Firework and red couplets. Dumplings in China's north and glutinous rice cakes in the south. Red wrappings with cash for children. No haircut until the start of the second lunar month.
These are some of the dos and don'ts for the Chinese Lunar New Year, or Spring Festival, the most important Chinese holiday that falls on Feb. 3 this year.
While the older generation of Chinese have strictly kept to these customs for decades, the young are also increasingly observant of the dos and don'ts amid a revival of traditional culture.
All in all, people hope the new year will bring them good luck, which is exactly what all these rules imply.
WHY FIREWORK, LANTERNS AND COUPLETS?
Most people stay up late on the eve of the Chinese New Year, watching TV, enjoying snacks and chatting with their family. Even if they don't, they are woken up by the loud bangs of firework at midnight -- if the sporadic firework sessions before 12 a.m. are not loud enough to stir the sound sleepers.
As a legend goes, Chinese ancestors were haunted by a monster named "nian" (meaning year) that left its mountain dwelling for human communities amid food shortages in winter to prey on men and cattle.
In the long run, people found out the monster was afraid of flames, bangs and red color. So they worked out firecrackers and lanterns to scare it away.
No one in China still believes such a monster actually existed, but the legend and customs have survived.
Today, Chinese families still hang up red lanterns and put up red couplets with rhymed phrases at their door, light fireworks and stay up late to watch the old year out.
NEW YEAR'S FOOD
In northern China, dumpling is an indispensable dish on the New Year dinner table.
Experts say the snack was already popular in the Three Kingdoms period (220 - 280). Many Chinese believe that to eat dumplings at the turn of the year will bring good luck, because the food resembles "yuan bao", a boat-shaped gold ingot that served for many years in history as China's currency.
Vegetables, meat, fish and shrimps can all make dumpling fillings.
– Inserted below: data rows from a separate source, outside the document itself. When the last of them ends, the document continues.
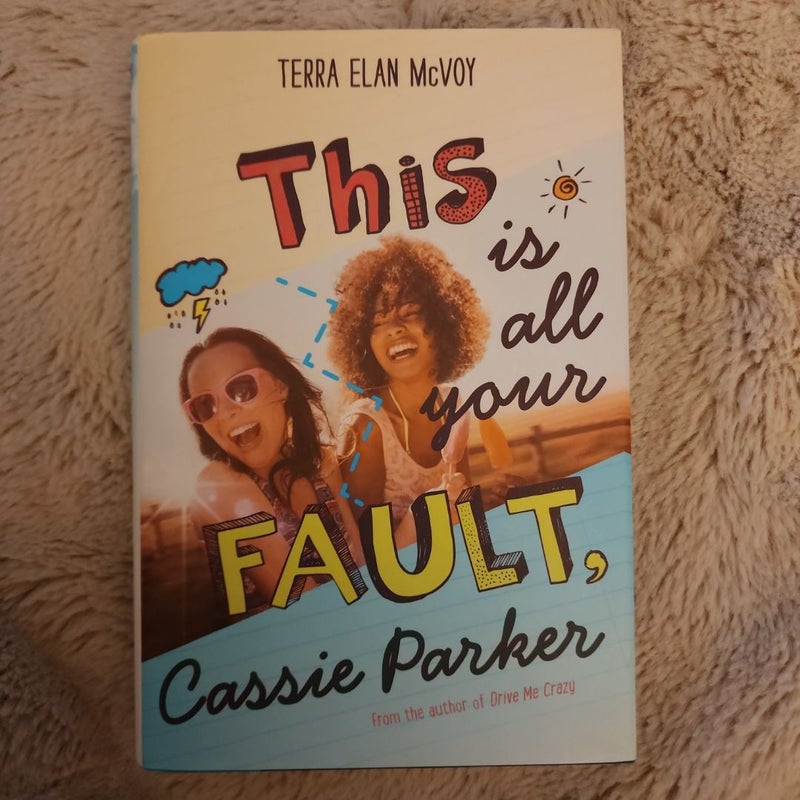 This Is All Your Fault, Cassie Parker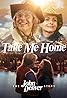 Take Me Home: The John Denver Story (TV Movie 2000) Poster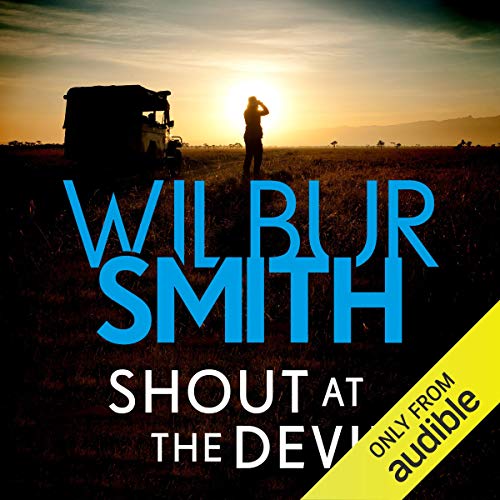 Shout at the Devil by Wilbur Smith episode artwork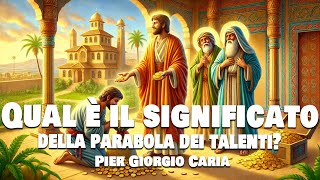 Pier Giorgio Caria  Qual è il significato della parabola dei talenti [upl. by Anitsirhk]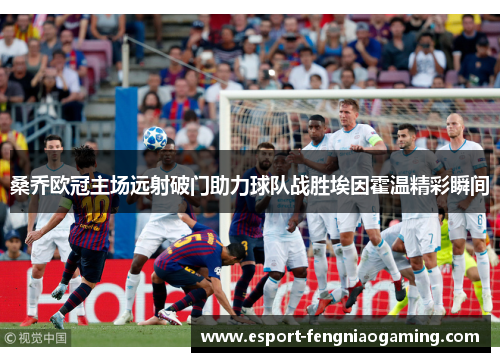 桑乔欧冠主场远射破门助力球队战胜埃因霍温精彩瞬间 桑乔欧冠主场远射破门助力球队战胜埃因霍温精彩瞬间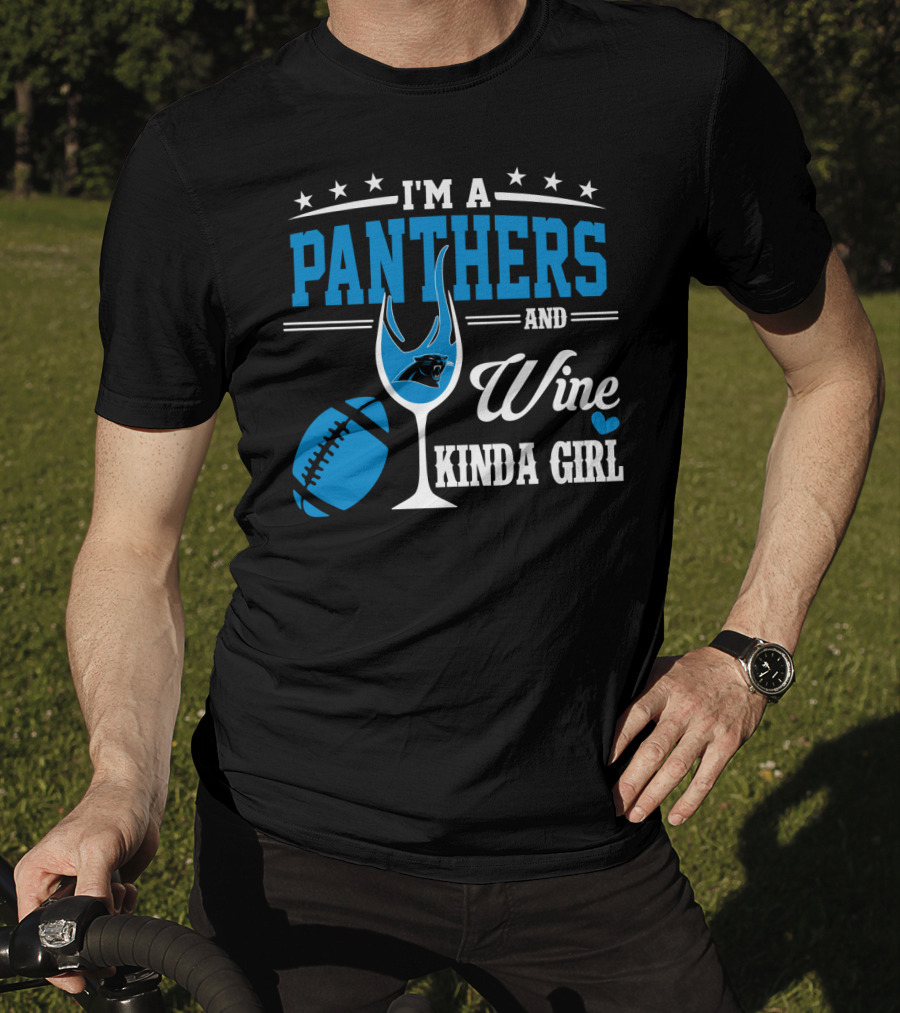 I'm A Panthers And Wine Kinda Girl T-Shirt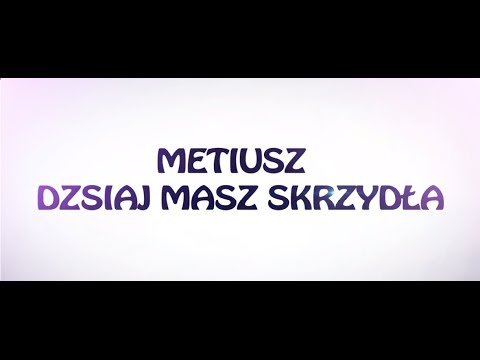 Metiusz ➡ Dzisiaj Masz Skrzydła ‼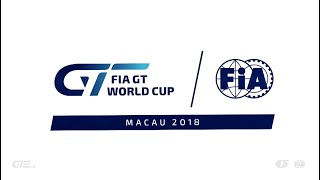 FIA GT World Cup Intro - Macau 2018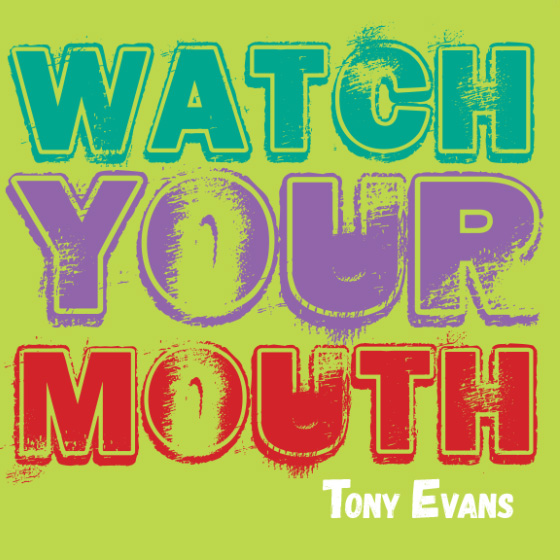 Watch Your Mouth Bible Study with Dr. Tony Evans - RightNow Media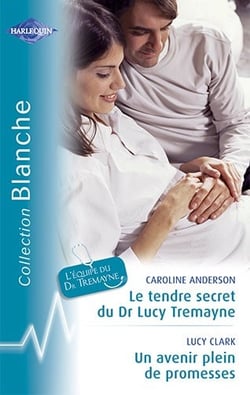 Le tendre secret du Dr Lucy - un avenir plein de promesse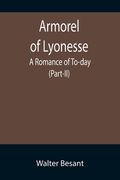 Armorel of Lyonesse: A Romance of To-day (Part-II) (en Inglés)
But some families put something special -- from nuts and dates to coins -- in just one of the dumplings. He who happens to eat this special dumpling is considered the luckiest person in the new year.
In southern China, where people prefer rice to wheat, families eat glutinous rice cakes instead of dumplings for the new year. These cakes, whose Chinese name "nian gao" (higher year-on-year), are also symbols of a prosperous new year.
Leek, whose Chinese name sounds like "a permanent vegetable", and fish, which sounds like "surplus" or "abundance", are also among the most common dishes on the new year dinner table.